The seeming weirdness of the quantum world might not last. That’s because individuals and organisations have been working on ways to introduce quantum concepts to younger people in new, engaging ways. Back in 2013, Caltech’s Institute for Quantum Information and Matter partnered with Google to produce Qcraft. This variation of the game Minecraft incorporates quantum behaviours into gameplay. In 2017, Chris Cantwell developed quantum chess at Quantum Realm Games in California, which even had some international tournaments.

Quantum researchers like Jacob Sherson at Aarhus University have also been developing quantum games and novel approaches to educational outreach. Weidner spent 3 years working with Sherson on quantum games and games for education in general in the quantum physics sphere during a postdoc at Aarhus. “This idea is that through a combination of educational tools, and solving puzzles, you can develop an intuition for these concepts.
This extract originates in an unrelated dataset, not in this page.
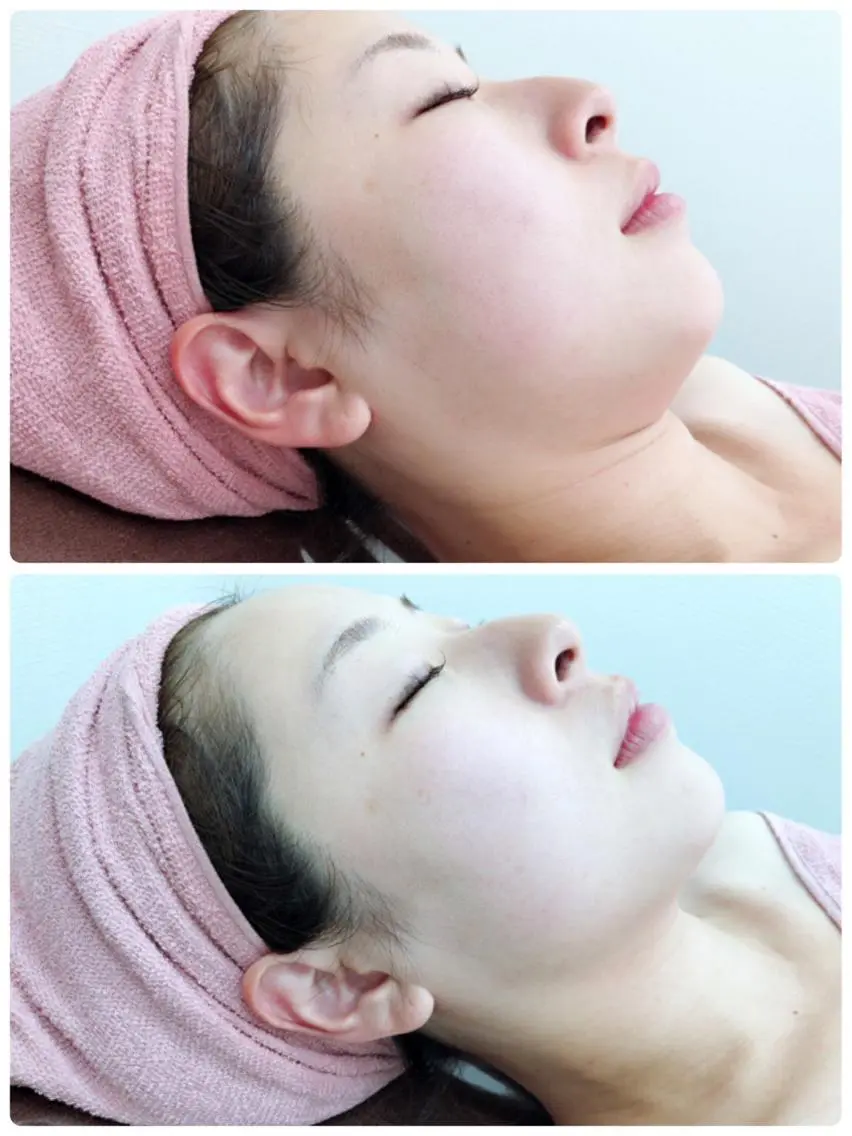 ハーブピーリングMB eautySalonのエステ・リラクイメージ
The difference between me and my students is that I have had time with these ideas…and so any tool that is going to ease that transition, whether you start at age 12, 18 or 30, is going to be a massive help,” says Weidner.

A screenshot from Virtual Lab, a game by Quantum Flytrap. Credit: © The Authors. Published by SPIE under a Creative Commons Attribution 4.0 International Licence. Distribution or reproduction of this work in whole or in part requires full attribution of the original publication, including its DOI. [DOI: 10.1117/1.OE.61.8.081809]
Carrie Weidner is a senior lecturer with the School of Physics at the University of Bristol.
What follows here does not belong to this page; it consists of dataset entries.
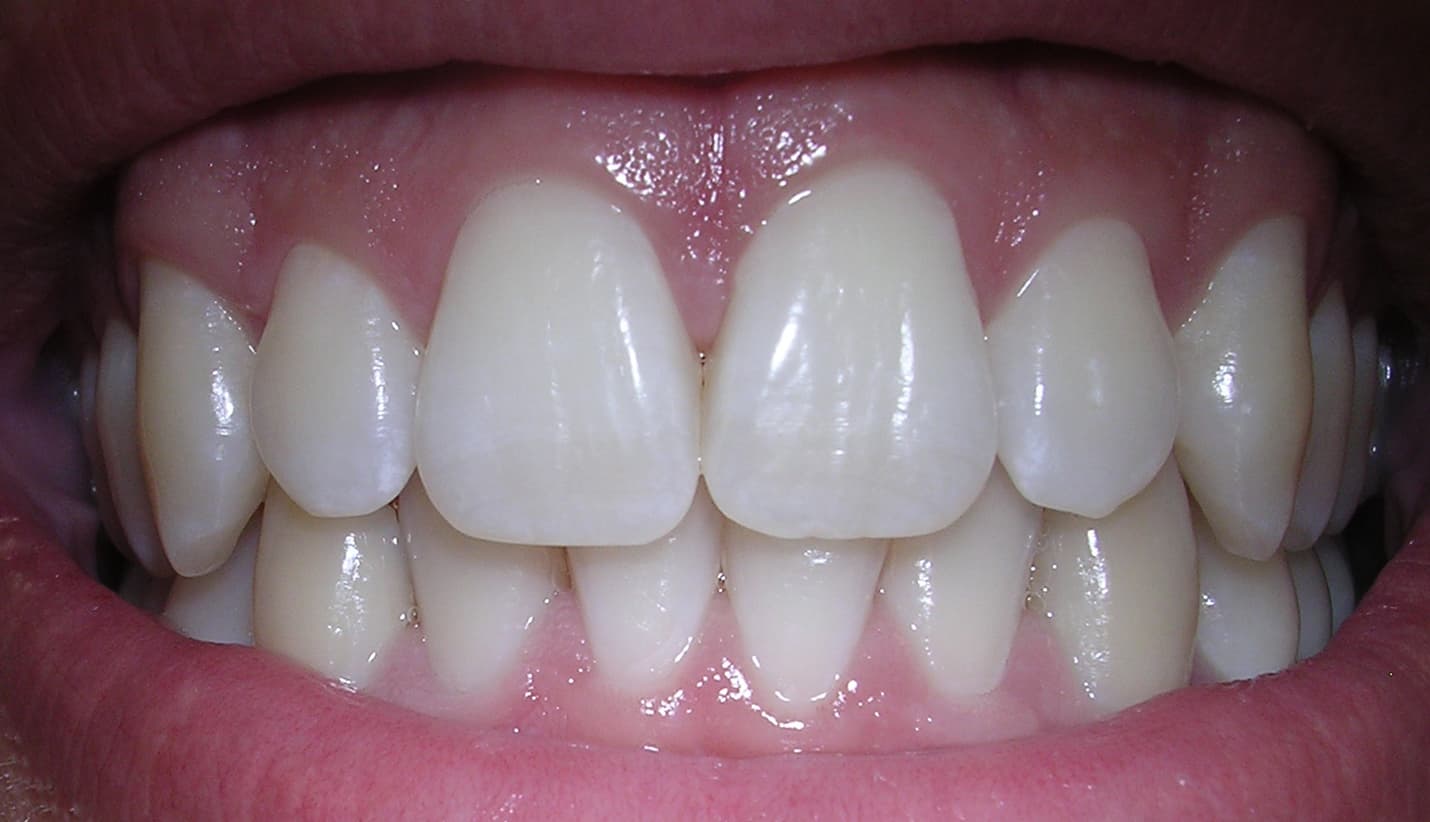 #3 Teeth Falling Out — Top 10 Most Common Dreams and What They Mean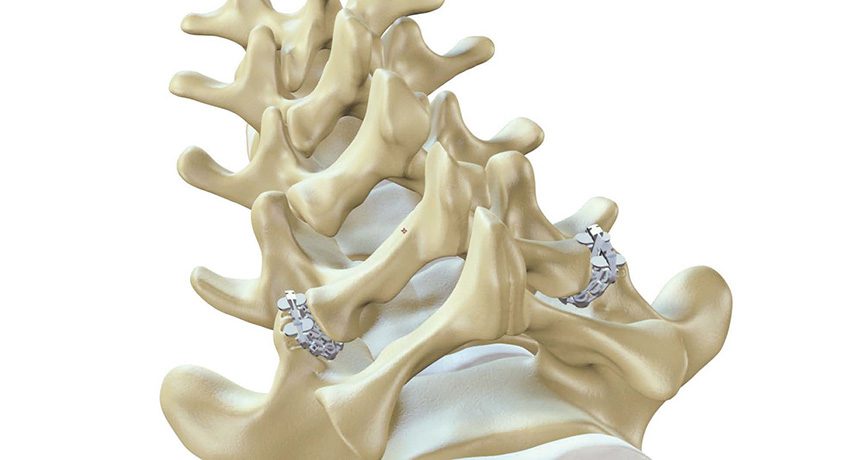 ZygoFix zLOCK Lumbar Facet Fixation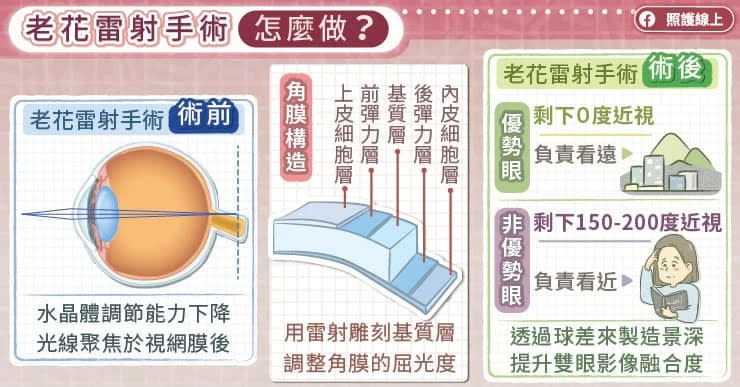 老花雷射手術9大QA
Everybody enters the world a scientist. Play is really just an infant’s way of doing experimentation. Through play, children develop their intuitive physics for how things in the world behave and interact – so why not create a space for play in the quantum world?

“Exposure and getting it wrong is a big part of it. If you can hand someone a game and say ‘play with it’, whether it’s a virtual lab or quantum chess, people will learn how things work; by playing it, you build up that intuition. And then if you are interested, you can take it further,” Weidner explains.

Limits to intuition

Labelling quantum behaviour as counterintuitive disregards the capacity of the human mind to wire itself to new ideas and concepts through exposure. “It’s crazy what you can get used to,” says Weidner. Yes, features like entanglement and tunneling might be strange at first. But undoubtedly, quantum scientists have developed an intuition that allows them to play with these ideas, to challenge them with experiments that could lead to new insight or apply them to problems that nobody considered.
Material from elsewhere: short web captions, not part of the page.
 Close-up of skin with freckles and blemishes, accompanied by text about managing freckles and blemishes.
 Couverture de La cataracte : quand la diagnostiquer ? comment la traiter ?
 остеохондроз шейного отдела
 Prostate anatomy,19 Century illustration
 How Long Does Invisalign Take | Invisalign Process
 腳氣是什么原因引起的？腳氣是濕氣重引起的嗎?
Quantum intuition in scientists speaks to a broader ability in humans to work with ideas that by all rights, we have no reason to be so competent with. We evolved to solve problems at the scale of reality that we can perceive. The once secret quantum world, orders of magnitude smaller than anything we can access with our senses, is now comprehensible to us in a meaningful way.

“Our skeletal framework does not bind us to a particular physical reality. We can enjoy sci-fi movies and Harry Potter movies that violate many basic physical assumptions … We can appreciate other physical realities, but revert to our own when it’s time to make a salad or fold laundry or rake the leaves or drive the children to school,” says Baillargeon.

What hidden layers of reality will we have to learn to intuit next?